Au-delà de l’égalité
Le constat d’une poche non négligeable d’analphabétisme fonctionnel parmi les enfants de quatorze ans constitue assurément un scandale. Se proposer de réduire et d’éliminer cette forme précoce d’exclusion ne peut qu’être une priorité pour le système scolaire qui la produit. Une priorité à laquelle on peut adosser un consensus fort.
Mais la densité de ce consensus et la discussion qu’il ouvre sur les mesures politiques à prendre n’ont-elles pas un pouvoir occultant de la crise profonde que vit l’institution scolaire ? Ainsi, la prise en défaut d’égalité ne dit rien des objectifs généraux adoptés en 1998, ni de leur validité ni de leur réalisation effective. La traduction politique des résultats de Pisa ne se résume-t-elle pas à avaliser une théorie implicite, celle de l’allocation universelle des compétences scolaires ? Et avec ce savoir minimum garanti à tous, la tendance à la standardisation qui implicitement encore tue la différence et le sens ? Est-ce en essentialisant le déficit et en se focalisant sur lui que l’on peut le réduire ? Est-ce en faisant plus du même et plus longtemps que l’on peut combattre en amont les carences de valorisation, de reconnaissance, d’intégration et de motivation qui générèrent le décrochage ?

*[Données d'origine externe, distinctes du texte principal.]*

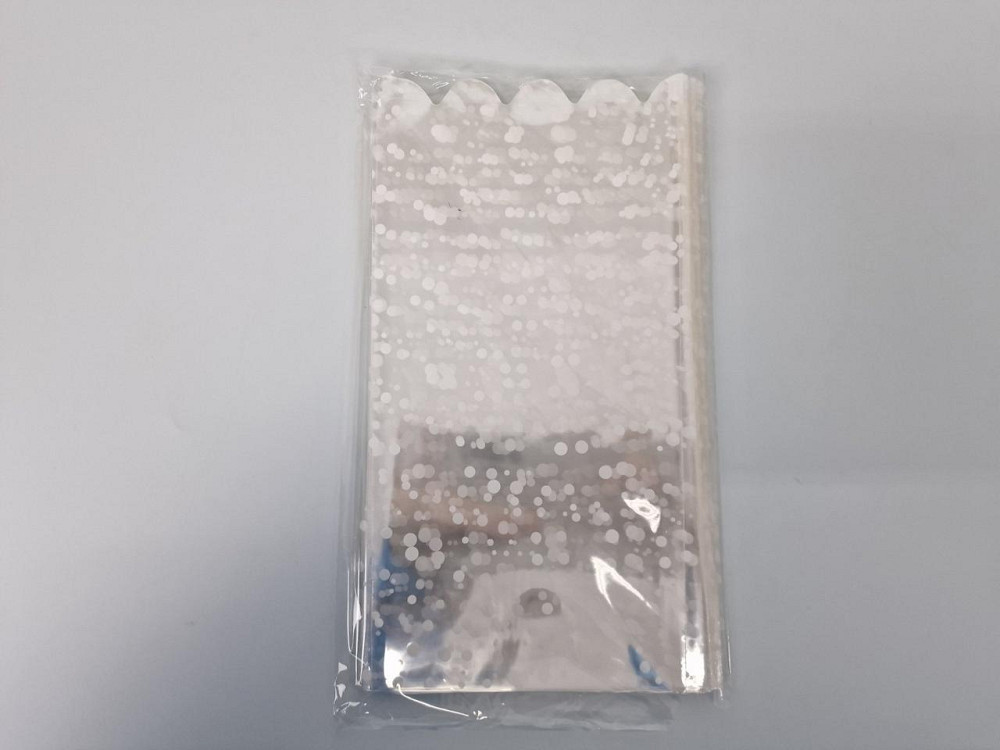 Пакет із малюнком для пакування подарунків (15 *30) No75 (ажурний) "Конфеті" (100 шт.) Харків - фото 2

Autant de questions qui justifient que l’on revienne, dans le numéro prochain, sur ce dossier avec la lecture qu’en fera Martine Colin, philosophe de l’éducation. Car sous l’évidence des résultats de Pisa et des solutions qu’ils inspirent couve la braise d’une polémique que la sclérose de la pensée sur l’école n’éteindra pas. Le renforcement et/ou la prolongation d’un tronc unique, le recentrage de l’école sur ses savoirs basiques et traditionnels (jusqu’à éventuellement réhabiliter les bonnes vieilles méthodes), autant d’ingrédients rassurants au parfum réactionnaire avec lesquels les ministres de l’Éducation composent, en France et ailleurs, leurs « réformes » depuis Chevènement dans les années quatre-vingt.